Also, we should strip citizenship from anyone who is not a Christian, and punish participation in pagan rituals as severely as murder. This is an ancient idea - Institutes of (Emperor) Justinian in the 6th century are often cited.
What is Justinian's argument? He doesn't actually mention the "commonwealth" at all. He merely appeals to the "law of nature".
In any case, if there is some principle underlying Justinian's edict, what is it? How did he determine that the sea is part of the "commonwealth", but that a mountain or someone's house is not? This is hardly explained in the given quote.
This doesn't really answer your question, but I think it's interesting to note that Institutes of Justinian are doing two things here. First, they are announcing to the Romans that the seas and running waters are part of the commonwealth. Second they are making the seas and running waters part of the commonwealth. They are simultaneously making a declaration and changing the world to fit that declaration.
In short, seas were part of the commonwealth because Justinian said so. An <ahem> appeal to authority. But an appeal that Justinian made, not benjohnson.
He did answer the question: This has a very long historical precedent.

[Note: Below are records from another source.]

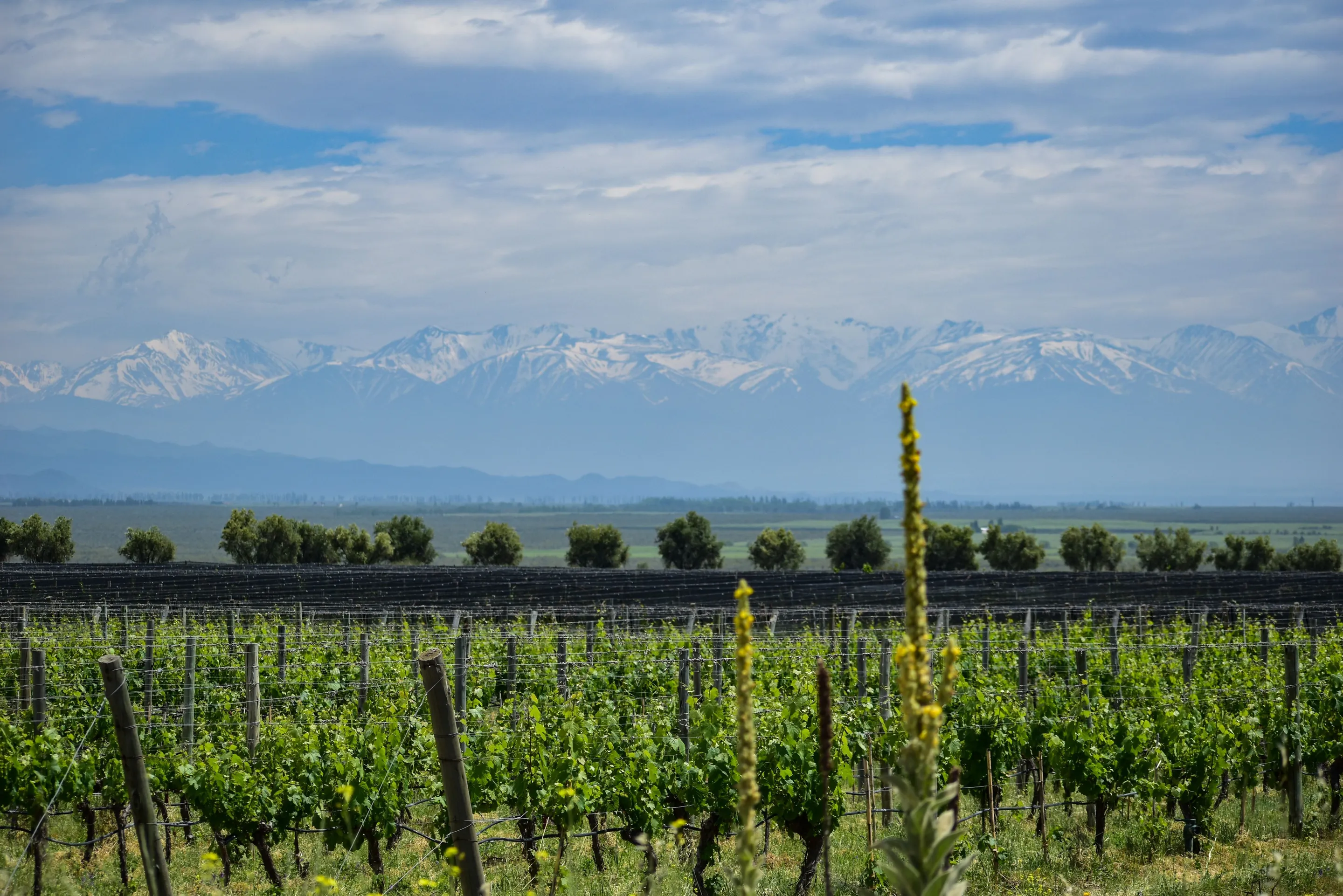 Vineyards in Tunuyán below the snow-capped Andes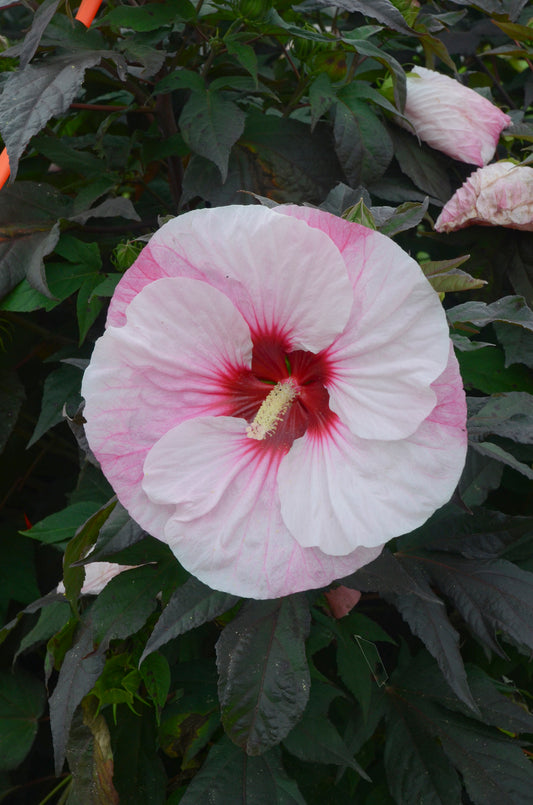 Rose Mallow, Hardy 'Summerific Perfect Storm' (Hibiscus)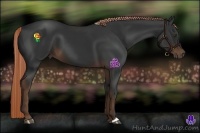 Horse Color:Liver Chestnut Frame 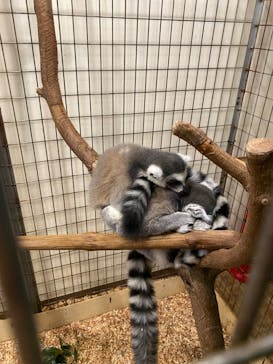 伊豆シャボテン動物公園に投稿された画像（2023/10/21）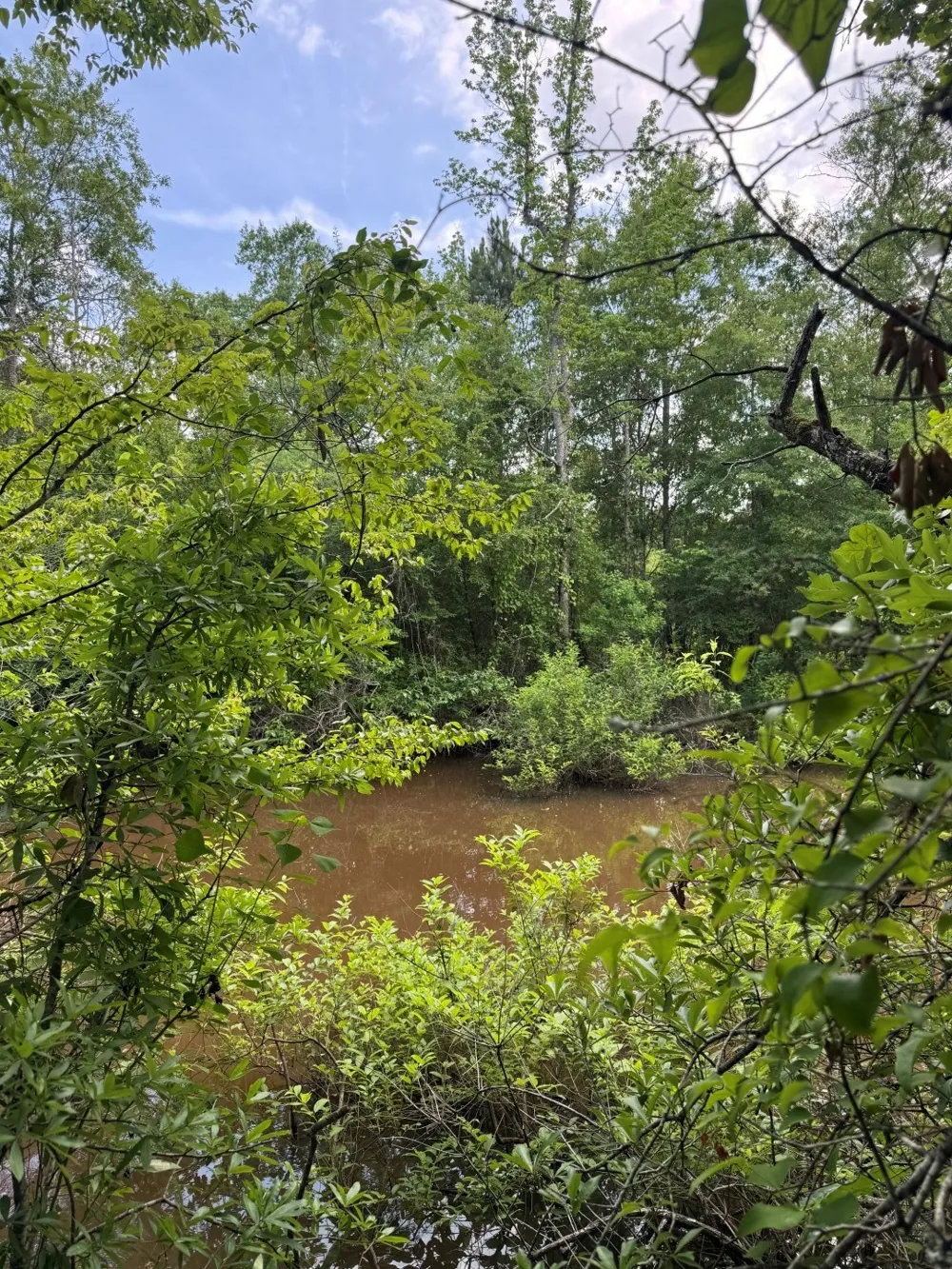 HWY 259 Diana, TX 75640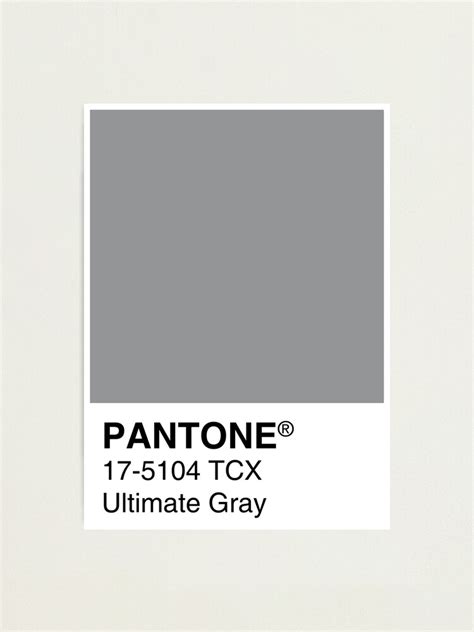 Pantone Ultimate Gray Color Of The Year 2021 Photographic Print By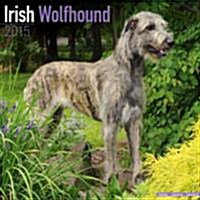 Irish Wolfhound 2015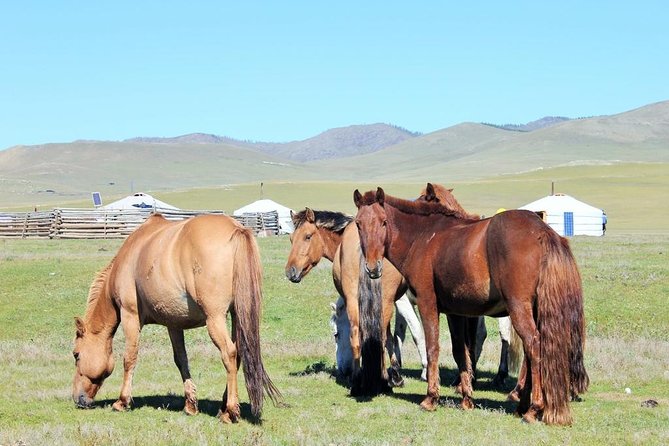 The Great Loop, Khövsgöl, Arkhangay and Gobi 17 Days - Included Meals and Beverages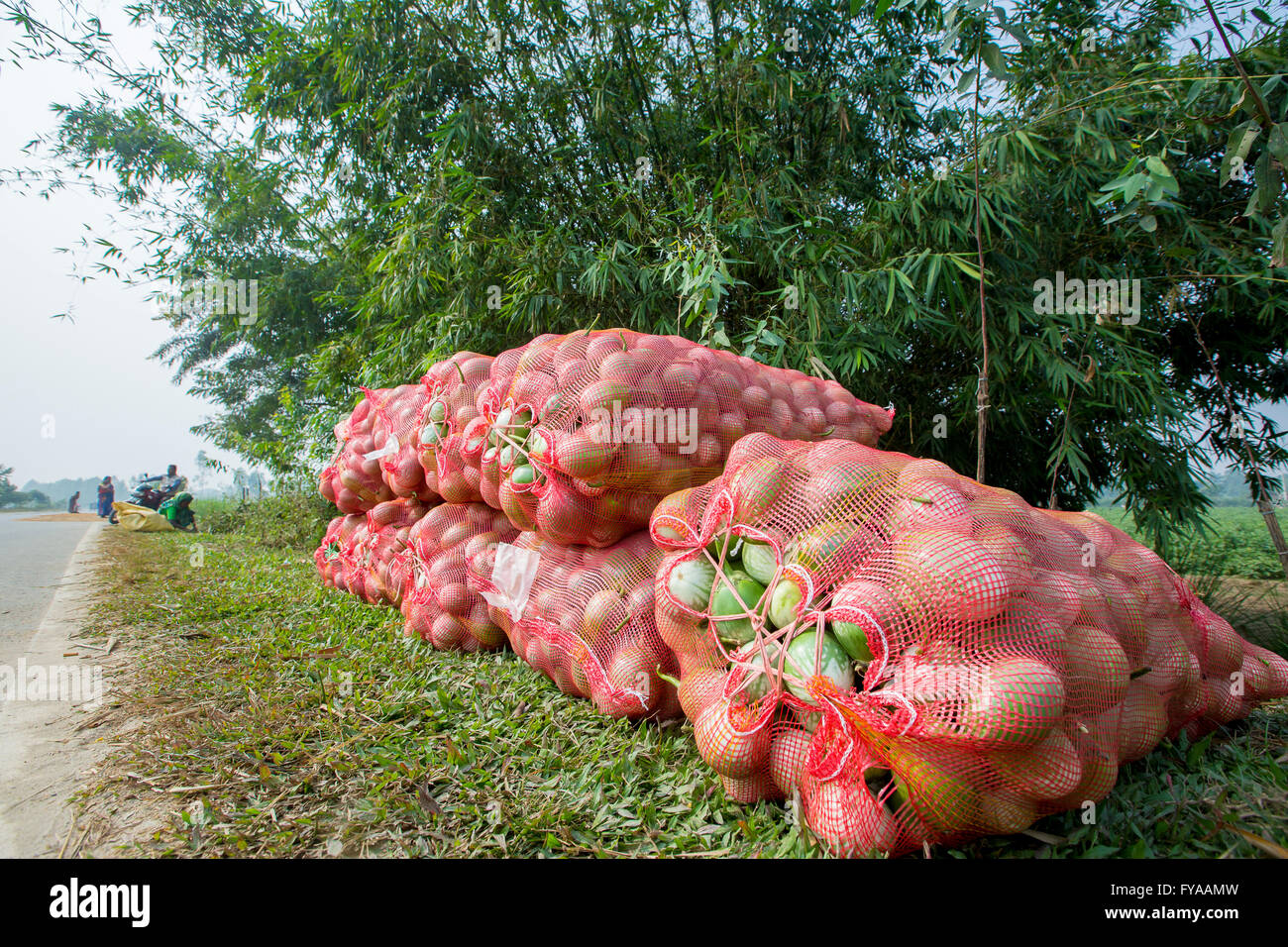 Eggplants in thakurgong, bnagladesh © Jahangir Alam Onuchcha/Alamy Stock Photo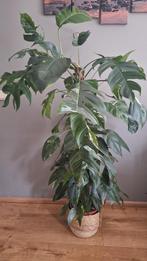 Epipremnum pinnatum variegata, Huis en Inrichting, Ophalen, Overige soorten, Minder dan 100 cm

That we continue to accept some historical precedents as good, but have discarded others is not at all odd, and does not invalidate the historical importance placed on access to waterways just because the same people also had lots of ideas we consider idiotic today.
http://en.wikipedia.org/wiki/Corpus_Juris_Civilis
If you want to appeal to authority rather than answer the question, pretty much any Roman emperor makes an odd choice.